▶ _Work to complete_: In the material below, find the line with "رذاذ الشعر برائحة الزهور" and the line with "Wanda Embroidered Shirt", then output those two lines and every line between them, exactly.

▶ _Material provided_:
■ ■ ■

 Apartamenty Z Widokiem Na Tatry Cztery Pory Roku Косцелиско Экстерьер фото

■ ■ ■

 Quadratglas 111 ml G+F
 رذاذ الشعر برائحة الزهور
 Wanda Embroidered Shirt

■ ■ ■

▶ _Task answer_:
 رذاذ الشعر برائحة الزهور
 Wanda Embroidered Shirt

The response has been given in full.